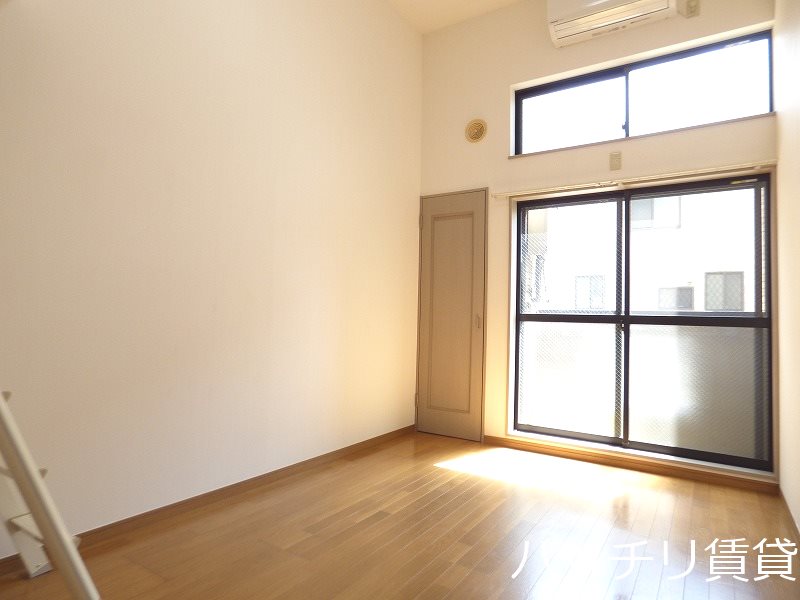 バルコニー　同型タイプの為、現状を優先致します。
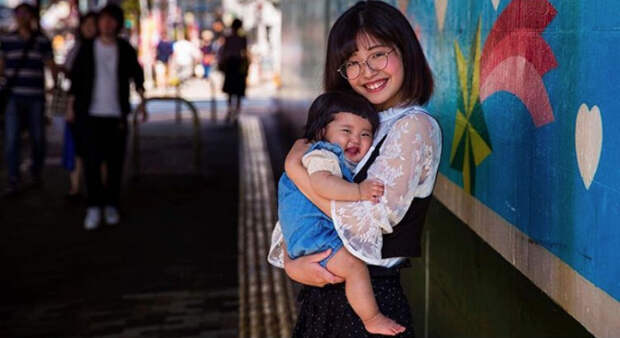 Материнство стирает культурные различия: трогательные портреты матерей со всего мира от Михаэлы Норок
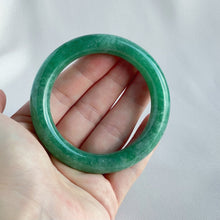 Load image into Gallery viewer, 41857 57.0mm Full Intense Bright Green Rounded Jadeite Bangle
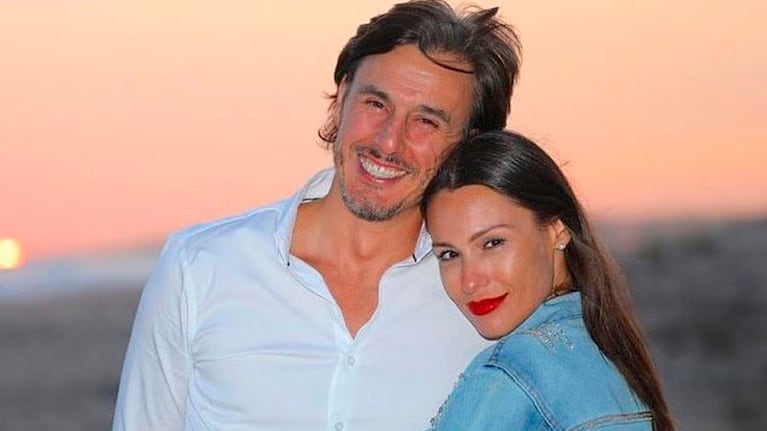 Pampita y su esposo, en la mira por versiones de embarazo.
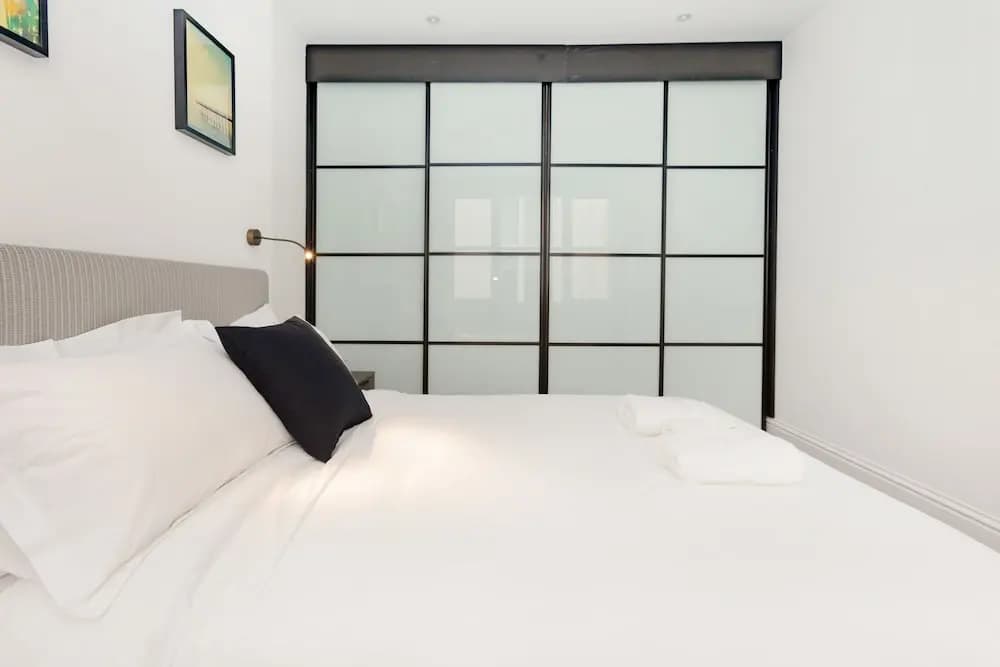 2 Bdr Queens Gardens by the Residences - photo 6
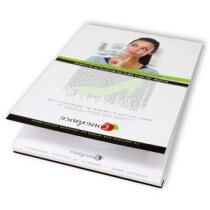 Cuaderno A5 Bekkaria con tapa kraft y cierre.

:: Task description ::
I'd like the material duplicated exactly, without its pictures.

:: Exercise output ::
 バルコニー　同型タイプの為、現状を優先致します。
 Материнство стирает культурные различия: трогательные портреты матерей со всего мира от Михаэлы Норок
 Load image into Gallery viewer, 41857 57.0mm Full Intense Bright Green Rounded Jadeite Bangle
 Pampita y su esposo, en la mira por versiones de embarazo.
 2 Bdr Queens Gardens by the Residences - photo 6
 Cuaderno A5 Bekkaria con tapa kraft y cierre.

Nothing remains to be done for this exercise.